Koban 5: A Federation Forged in Fire (3 page)

BOOK: Koban 5: A Federation Forged in Fire
8.75Mb size Format: txt, pdf, ePub
ads

None of the forty-two Krall clanships managed to respond with missile launches or laser cannon fire. The two anti-ship missiles assigned per ship was possibly overkill, but the Denial chips removed control of every system from the crews inside, except for radio use. It was theorized that the Olt’kitapi had left communications and life support active, free of the chips that could block their use, probably as a gesture of mercy, to permit a call for an evacuation by an otherwise disabled clanship, where the crew inside couldn’t even open an airlock to make an exit.

The other three ECM systems the Kobani had available to them were on ships that emerged within a cluster of five or six clanships, shutting all of their radios down. If the radios were repowered manually, the ECM continuously sent the shutdown command. At least those ships in close formation would be unable to warn of the boarding process happening on each of their neighbors. Kobani were leaping across the gaps as their host ships moved in close to the now drifting enemy craft. They used magnetic footpads to swarm over the hull to enter by the four airlocks at the lowest hold level, by two shuttle bay airlocks, and by four small maintenance airlocks near midship.

Simply removing the clanships from active Krall control and moving off wasn’t enough to preserve them indefinitely. A resourceful enemy crew, even without plasma rifles to make it easy, would find a way to rupture the reaction mass fuel tanks for the thruster engines, and the binary fuel would detonate on contact, preventing the capture of that intact clanship. The Kobani wanted these craft in operating condition, and Mind Taps ensured that every one of the boarders knew how to operate their newly acquired transportation and its internal systems.

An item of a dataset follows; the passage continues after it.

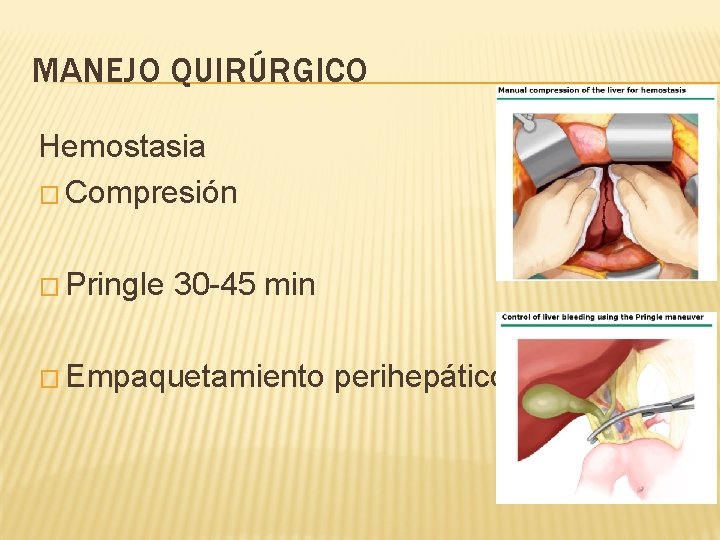 MANEJO QUIRÚRGICO Hemostasia � Compresión � Pringle 30 -45 min � Empaquetamiento perihepático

It was expected that the Krall would have minimal crews aboard the watch standers, enough to handle reloads in the thirty-two anti-ship missile bays, and perhaps one to three posted on the command deck. A commander of a hand or more of clanships would probably be on one craft, with a pilot, and perhaps a K’Tal or weapons master. Typically, about thirty-four to thirty-six warriors was expected. Therefore, ten Kobani boarders, facing more than three times their number of Krall, seemed like an unfair advantage. For the Kobani.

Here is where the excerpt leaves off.